Eine Konsequenz ziehen die Frankfurter jedoch: Neuer Chef wird zum 10. Juni Stefan Hoops, der bisherige Leiter der Corporate Bank.
Wöhrmann war ohnehin nicht unumstritten. Da war seine enge Verbindung zu Daniel Wruck, einem Frankfurter Geschäftsmann, in dessen Firmen DWS und Deutsche Bank vor allem auf Drängen Wöhrmanns investierten. Hierzu kommunizierte Wöhrmann teils von einem privaten E-Mail-Konto, ein Compliance-Verstoß. Und er bat Wruck, ihm einen Porsche Panamera zu kaufen, wofür er ihm privat 160.000 Euro überwies. Letzteres brachte den beiden den Verdacht der Geldwäsche ein.
Die DWS-Aktionäre zeigten sich in jedem Fall alles andere als begeistert von den jüngsten Entwicklungen.
Quelle: Morningstar
Ein Rückschlag für die ganze Branche?
Ob es noch andere Fälle wie die DWS gibt, bleibt dahingestellt. BNY Mellon Investment Adviser hat gerade einen Vergleich mit der SEC geschlossen und erklärte sich bereit, eine Geldbuße in Höhe von 1,5 Millionen US-Dollar zu zahlen.

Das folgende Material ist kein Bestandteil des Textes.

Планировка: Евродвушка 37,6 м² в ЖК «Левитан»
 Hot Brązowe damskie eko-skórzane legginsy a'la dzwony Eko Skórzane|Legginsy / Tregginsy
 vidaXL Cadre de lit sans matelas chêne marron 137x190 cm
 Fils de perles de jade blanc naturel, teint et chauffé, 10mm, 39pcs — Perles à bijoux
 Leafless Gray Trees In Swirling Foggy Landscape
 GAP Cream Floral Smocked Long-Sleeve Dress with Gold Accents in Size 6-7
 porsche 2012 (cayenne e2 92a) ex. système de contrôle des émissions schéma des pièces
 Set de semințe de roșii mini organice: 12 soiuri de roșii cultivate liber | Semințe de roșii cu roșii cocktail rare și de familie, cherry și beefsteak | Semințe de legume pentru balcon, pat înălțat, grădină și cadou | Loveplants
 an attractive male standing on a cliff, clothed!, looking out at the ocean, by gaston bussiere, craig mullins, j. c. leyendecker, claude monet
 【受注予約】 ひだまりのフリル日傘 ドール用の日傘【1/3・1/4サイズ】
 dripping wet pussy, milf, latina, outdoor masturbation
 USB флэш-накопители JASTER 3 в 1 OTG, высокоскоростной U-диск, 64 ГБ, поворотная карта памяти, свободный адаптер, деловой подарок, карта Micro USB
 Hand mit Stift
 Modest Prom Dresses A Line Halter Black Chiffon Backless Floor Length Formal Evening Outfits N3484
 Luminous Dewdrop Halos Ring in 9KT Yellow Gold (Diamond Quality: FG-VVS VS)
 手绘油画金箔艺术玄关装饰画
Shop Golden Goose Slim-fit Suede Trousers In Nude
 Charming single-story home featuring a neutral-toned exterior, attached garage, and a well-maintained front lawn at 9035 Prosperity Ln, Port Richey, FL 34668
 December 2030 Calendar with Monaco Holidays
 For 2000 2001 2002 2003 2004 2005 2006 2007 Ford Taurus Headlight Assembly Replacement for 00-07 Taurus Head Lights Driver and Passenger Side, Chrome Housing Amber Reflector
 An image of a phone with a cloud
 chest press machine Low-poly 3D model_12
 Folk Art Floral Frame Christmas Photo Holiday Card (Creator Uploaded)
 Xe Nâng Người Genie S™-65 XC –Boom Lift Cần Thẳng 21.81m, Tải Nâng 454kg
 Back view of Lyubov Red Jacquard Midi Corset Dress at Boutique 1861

In dem Fall ging es um „wesentliche falsche Angaben und Auslassungen" - lesen Sie mehr zu dem Fall im aktuellen Analystenkommentar.
In jedem Fall ist Greenwashing ein viel diskutiertes Problem in der Branche - auch deshalb, weil es noch keinen wirklichen Konsens gibt, was nun ESG ist und was nicht.
"Greenwashing ist ein Problem der ESG-Branche, welches Untersuchung benötigt, allerdings scheint der Fall der DWS extrem zu sein. Ich glaube nicht, dass diese Affäre alle ESG-Produkte in Frage stellt, allerdings wird sie die Diskussion sowohl öffentlich als auch zwischen Anbietern und den Aufsichten verschärfen. Auf lange Sicht ist das sicherlich ein positiver Schritt für die Branche", sagt Niklas Kammer, Equity-Analyst bei Morningstar.
Nach Einschätzung des Morningstar-Analysten scheint der DWS-Fall allerdings extrem zu sein. Es lässt sich aber dennoch vermuten, dass nun auch in anderen Häusern Prospekte noch einmal gründlich studiert werden.